Pero para lograr eso, unas fracciones de la misma deben tener más peso que otras y, además, estar unida y encuadrada por un Partido (o varios partidos, además de organizaciones sociales de diverso tipo) con unos fundamentos teóricos, ideológicos y filosóficos que no son la ideología posmoprogre, que viene a ser la ideología espontánea de esta clase en occidente, sobre todo la de ciertas fracciones de la misma. En esto soy muy leninista. Para el líder de la revolución bolchevique, si el proletariado no estaba organizado por el partido (el “Príncipe moderno” de Gramsci) era, como mucho “tradeunionista”; es decir, reformista-socialdemócrata. Lo mismo pasa para esta clase profesional y directiva asalariada. Si no está organizada por el partido (o varios partidos y organizaciones de diverso tipo), la ideología y el proyecto adecuados, no puede cumplir su potencial (por ejemplo, su potencial como “capital humano”), y, como mucho, es “semáforo” (socialdemócrata/verde/liberal).

¿Qué queda para la clase obrera, tanto la “vieja” industrial como la “nueva”, de servicios?
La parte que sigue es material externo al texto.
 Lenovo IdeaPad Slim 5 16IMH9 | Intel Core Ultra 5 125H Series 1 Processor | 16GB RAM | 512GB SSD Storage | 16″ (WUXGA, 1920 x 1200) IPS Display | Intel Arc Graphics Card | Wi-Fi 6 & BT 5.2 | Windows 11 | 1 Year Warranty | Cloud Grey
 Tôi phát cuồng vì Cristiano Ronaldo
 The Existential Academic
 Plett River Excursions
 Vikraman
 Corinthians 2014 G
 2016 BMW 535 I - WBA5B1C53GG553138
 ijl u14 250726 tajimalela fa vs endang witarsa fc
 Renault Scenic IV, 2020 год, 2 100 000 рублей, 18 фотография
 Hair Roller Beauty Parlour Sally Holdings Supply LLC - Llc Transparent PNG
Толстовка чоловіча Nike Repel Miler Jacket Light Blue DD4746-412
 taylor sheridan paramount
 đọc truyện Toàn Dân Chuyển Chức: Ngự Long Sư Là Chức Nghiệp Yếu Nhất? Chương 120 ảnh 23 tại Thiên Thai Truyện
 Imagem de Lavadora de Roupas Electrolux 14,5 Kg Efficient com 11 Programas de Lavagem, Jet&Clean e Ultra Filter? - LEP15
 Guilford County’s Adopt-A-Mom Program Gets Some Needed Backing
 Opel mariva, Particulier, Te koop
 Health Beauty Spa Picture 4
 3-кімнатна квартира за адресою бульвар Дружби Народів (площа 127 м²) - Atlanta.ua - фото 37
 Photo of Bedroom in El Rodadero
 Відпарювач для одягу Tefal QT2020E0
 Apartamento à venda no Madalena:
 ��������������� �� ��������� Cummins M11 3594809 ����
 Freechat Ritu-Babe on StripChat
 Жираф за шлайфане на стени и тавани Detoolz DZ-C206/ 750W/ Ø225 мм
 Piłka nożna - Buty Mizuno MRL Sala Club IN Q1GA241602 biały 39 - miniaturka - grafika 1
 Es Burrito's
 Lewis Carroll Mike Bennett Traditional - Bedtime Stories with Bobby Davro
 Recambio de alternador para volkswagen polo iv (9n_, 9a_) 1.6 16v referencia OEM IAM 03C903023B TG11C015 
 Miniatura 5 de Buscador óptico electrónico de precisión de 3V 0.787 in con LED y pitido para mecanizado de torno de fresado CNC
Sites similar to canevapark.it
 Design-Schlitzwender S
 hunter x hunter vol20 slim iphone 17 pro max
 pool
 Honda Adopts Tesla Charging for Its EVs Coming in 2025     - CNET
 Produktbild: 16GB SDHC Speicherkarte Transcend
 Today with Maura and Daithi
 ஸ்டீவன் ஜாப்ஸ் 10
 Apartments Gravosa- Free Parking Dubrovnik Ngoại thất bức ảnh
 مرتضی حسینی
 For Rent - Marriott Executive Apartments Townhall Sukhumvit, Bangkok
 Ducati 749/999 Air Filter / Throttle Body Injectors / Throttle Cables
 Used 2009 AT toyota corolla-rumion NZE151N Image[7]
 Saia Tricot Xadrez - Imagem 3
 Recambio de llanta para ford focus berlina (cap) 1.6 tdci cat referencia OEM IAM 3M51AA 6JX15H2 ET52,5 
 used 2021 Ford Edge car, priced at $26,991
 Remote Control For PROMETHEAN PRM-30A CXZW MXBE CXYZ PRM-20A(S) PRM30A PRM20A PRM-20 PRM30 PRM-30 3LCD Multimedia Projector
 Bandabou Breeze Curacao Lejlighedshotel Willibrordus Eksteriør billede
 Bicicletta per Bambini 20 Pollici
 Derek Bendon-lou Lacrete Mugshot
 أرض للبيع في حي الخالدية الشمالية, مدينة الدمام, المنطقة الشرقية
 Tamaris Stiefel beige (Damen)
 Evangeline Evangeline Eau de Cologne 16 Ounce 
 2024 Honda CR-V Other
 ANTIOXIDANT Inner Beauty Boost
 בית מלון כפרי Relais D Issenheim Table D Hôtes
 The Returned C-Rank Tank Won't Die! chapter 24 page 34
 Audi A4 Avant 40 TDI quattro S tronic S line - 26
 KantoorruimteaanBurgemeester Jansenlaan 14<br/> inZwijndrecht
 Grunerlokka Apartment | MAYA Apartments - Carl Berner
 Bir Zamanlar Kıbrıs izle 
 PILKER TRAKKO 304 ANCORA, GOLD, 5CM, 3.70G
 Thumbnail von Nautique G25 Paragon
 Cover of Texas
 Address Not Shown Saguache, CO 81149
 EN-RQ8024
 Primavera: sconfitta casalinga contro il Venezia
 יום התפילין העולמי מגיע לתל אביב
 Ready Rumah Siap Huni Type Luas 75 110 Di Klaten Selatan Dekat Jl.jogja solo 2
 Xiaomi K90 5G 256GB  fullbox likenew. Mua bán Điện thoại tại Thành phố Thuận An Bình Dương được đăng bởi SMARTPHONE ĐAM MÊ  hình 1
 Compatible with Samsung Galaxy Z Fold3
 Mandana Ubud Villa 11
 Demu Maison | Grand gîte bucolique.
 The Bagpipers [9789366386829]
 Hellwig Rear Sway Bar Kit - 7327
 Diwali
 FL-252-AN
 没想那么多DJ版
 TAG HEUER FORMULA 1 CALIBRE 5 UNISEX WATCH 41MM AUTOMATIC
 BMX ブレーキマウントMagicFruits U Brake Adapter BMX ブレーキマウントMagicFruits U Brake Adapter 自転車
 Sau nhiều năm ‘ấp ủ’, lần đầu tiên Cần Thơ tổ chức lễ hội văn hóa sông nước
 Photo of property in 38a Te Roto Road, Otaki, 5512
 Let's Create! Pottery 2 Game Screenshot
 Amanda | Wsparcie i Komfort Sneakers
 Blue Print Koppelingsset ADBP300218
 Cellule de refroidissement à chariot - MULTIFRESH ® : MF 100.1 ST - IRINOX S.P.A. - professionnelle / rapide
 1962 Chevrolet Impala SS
No ser una masa de maniobra para tal o cual fracción de la clase profesional y directiva asalariada en sus disputas internas, o de alguna de estas fracciones en sus disputas con la clase capitalista o tal o cual fracción de esta o viceversa. Su lugar tiene que ser el de aliado subalterno, sí, pero aliado en un bloque de poder con la clase profesional y directiva asalariada (con las mejores condiciones laborales y sociales, así como con igualdad de oportunidades real para que haya movilidad social de los hijos e hijas de la clase obrera a la otra clase de asalariados). Aliados, pues, en un proyecto de “socialismo” a lo chino, eso sí, sin copia ni calco, sino amoldado a las características, peculiaridades, trayectoria histórica, etc., de las distintas formaciones sociales o Estados-nación (y las necesarias alianzas entre ellos para articularse en las escalas geográficas y demográficas globales en la actualidad, que es la de una China, una Rusia, unos Estados Unidos, una India, etc.) Es decir, un bloque continental supranacional (que para España ni empieza, ni termina, ni tiene solo que ser el de la UE (o IV Reich) que navegue en un mundo en donde no hay, ni habrá, desglobalización, sino choque entre la globalización con centro en el Imperio del Centro –es decir, China– y la globalización de Estados Unidos y sus aliados. O ese socialismo aquí descrito, con todo lo inmensamente difícil que es, o, el más probable, capitalismo semáforo 2050 al que parece dirigirse el bloque anglo-germánico y, dentro del mismo, España.

  1. También hay que decir que otras escuelas económicas complementan a esa versión del marxismo en China, como la desarrollista, la schumpeteriana o el Keynes de la “socialización de la inversión”.


Javier Álvarez Vázquez es obrero (auto)ilustrado, técnico de sonido, diseñador gráfico, repartidor de propaganda, camarero, comercial, y desde hace unos años empleado en la FSC CCOO Madrid. Quinta del 72, marxista sin comunismo a la vista para nada, comunista sin partido; por lo tanto, un Ronin o un samurai sin señor, viejo rockero hasta el fin. Presidente de la Asociación La Casamata y director de la revista La Casamata.